Kashmiris have long believed that marriages are made in heaven. But behind many doors, they are silently falling apart.

The official divorce rate in the valley is low, but it masks a deeper reality. 

Couples often avoid legal separation because of stigma, complicated procedures, and social pressure.

Beneath the surface, marriages are under strain. This is most visible in “grey divorce,” when couples over fifty choose to separate after decades together.

Grey divorce was once unimaginable in a culture that treats marriage as sacred. Today, it is becoming more common. 

Some older couples take legal steps to separate. Others stay under the same roof while living very different lives. 

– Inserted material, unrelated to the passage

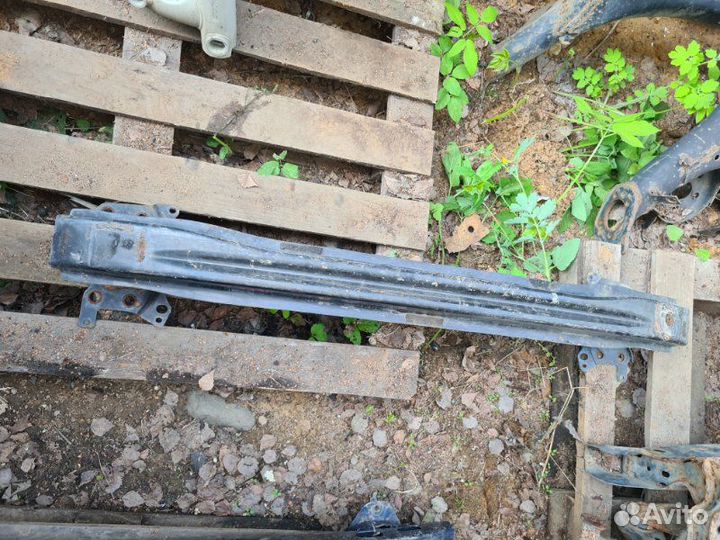 Усилитель бампера передний Volkswagen Touran 1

They sleep in separate rooms, speak only when necessary, and raise children in homes filled with silence, tension, and old resentments. The emotional toll of this cold war is heavy.

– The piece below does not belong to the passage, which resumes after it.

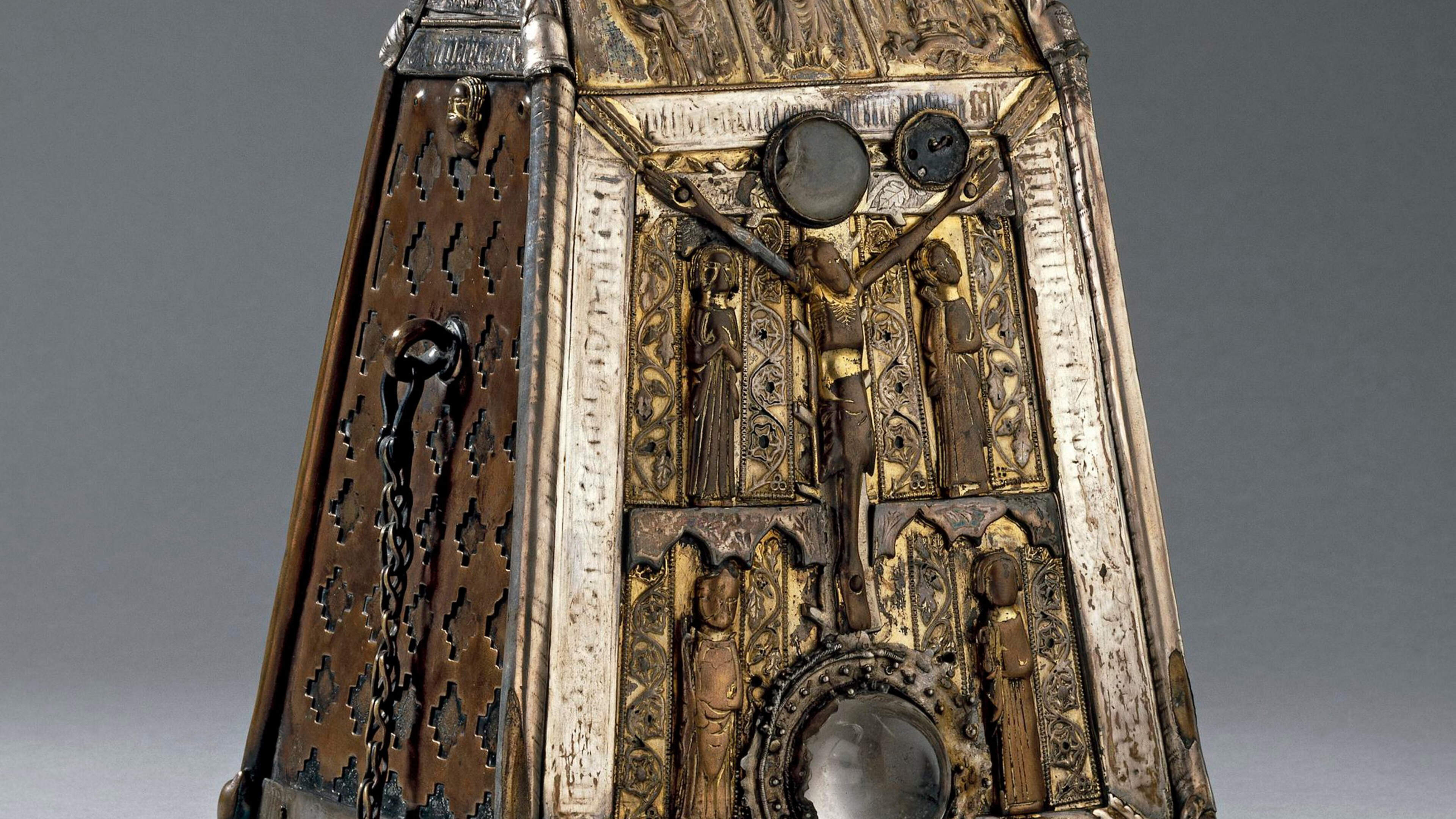 Martina Devlin: Too many Irish artefacts have ended up in British museums, and it’s time we got them back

But why is this happening? 

Part of it comes from global influence. In many countries, grey divorce has risen over the last thirty years, driven by longer life, changing gender roles, and a focus on personal happiness. 

Ideas travel fast, and Kashmir has felt these winds of change. 

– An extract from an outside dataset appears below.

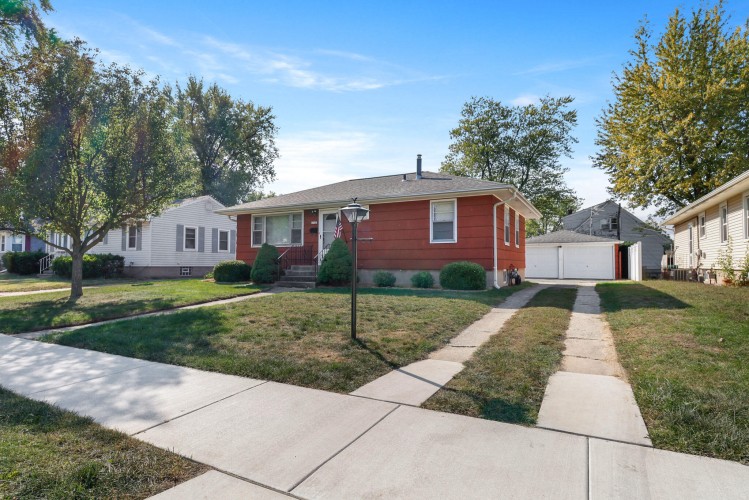 340 N Oakwood Drive Griffith, IN 46319 | MLS 811731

Education, migration, media, and diaspora connections are changing what people expect from marriage. People are asking themselves: what should a lifelong partnership give me, and what am I willing to endure?

Local changes play a big role too. 

Kashmir has shifted from joint families, where elders helped solve disputes and family life softened tensions, to smaller nuclear households that offer privacy but little emotional support. 

In my grandparents’ house in Zaina Kadal, nearly thirty family members lived together. Meals, celebrations, arguments, and reconciliations were shared. That communal life helped couples handle the rough patches of marriage. 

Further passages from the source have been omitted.